Lei da Espécie por João Moojen de Oliveira (Museu Nacional)

The complex and little known laws governing the production of varieties are the same, as far as we can judge, with the laws which have governed the production of distinct species. In both cases physical conditions seem to have produced some direct and definite effect, but how much we cannot say.

Darwin

A gente desta casa é daquela que põe nome em bichos - minhocas, pernilongos, jaguatiricas; em plantas - nas avencas, nos jequitibás, nas orquídeas; em fósseis arrancados da terra - dentes, tíbias e conchas que se reconstroem em tigres-dente-de-sabre, megatérios e moluscos; que nomeia as pedras, a lama das argilas e os minérios de ouro; gente que estuda a espécie humana nos fragmentos de cerâmica e silex, nos calvários /sic, pro calcáreos/ que recobrem encéfalos e nos ocres que esboçam idéias nas paredes das cavernas.
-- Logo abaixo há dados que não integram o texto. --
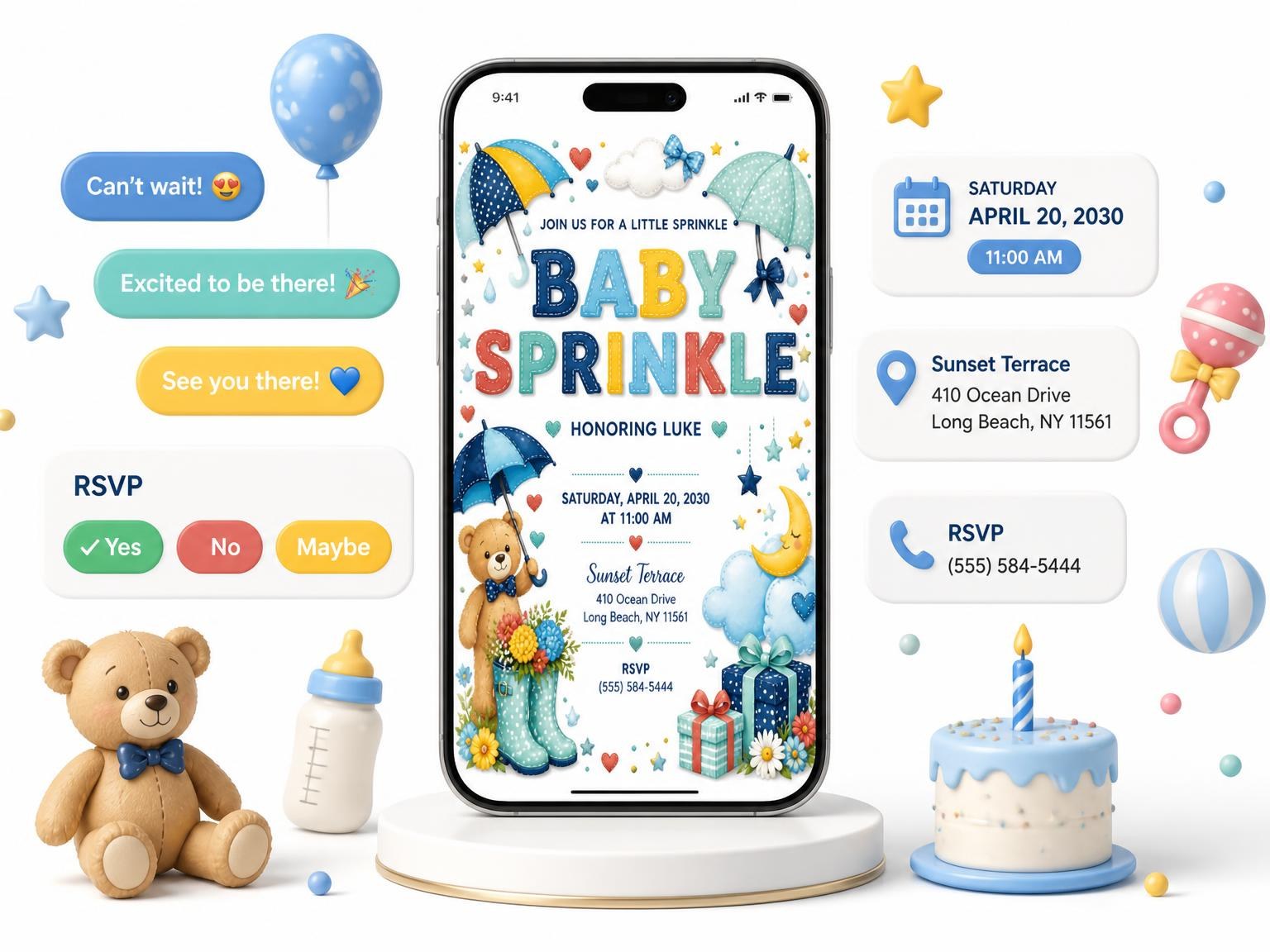 The Gift Boxes Baby Sprinkle Invitation invitation on a phone, with guest RSVPs arriving around it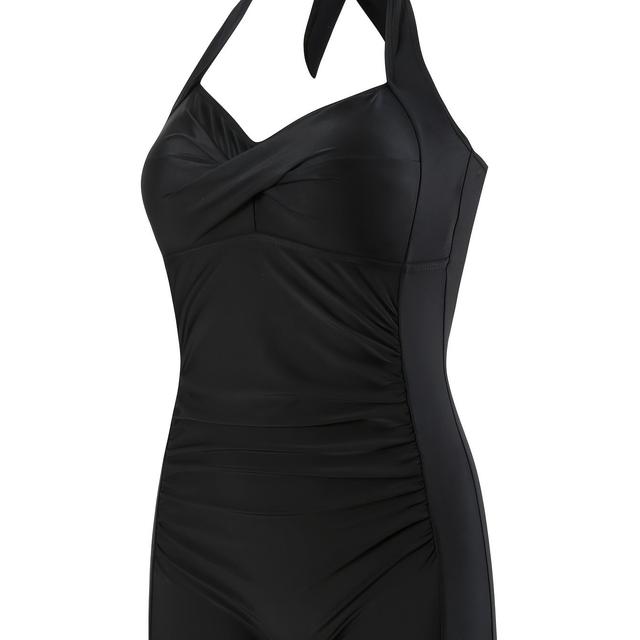 TEMU -cross Chest Bag Solid Color Neck Pleated Cover Belly One-piece Fashionable -piece Swimsuit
Gente anônima, que forma uma grei maçônica de iniciados, falando uma algarávia greco-latina de palavras - símbolos que estenografam idéias rebeldes à simplificação matemática. Em 80 milhões de brasileiros, não haverá duas centenas dessa gente. Não hoje, mas são muitos quando se contam pelas gerações que se sucedem e pelo acêrvo que vão acumulando em seus coutos, como neste Museu. Gente que faz ciência básica, servindo de ponto de partida para todo processo pragmático de integração do homem à Terra.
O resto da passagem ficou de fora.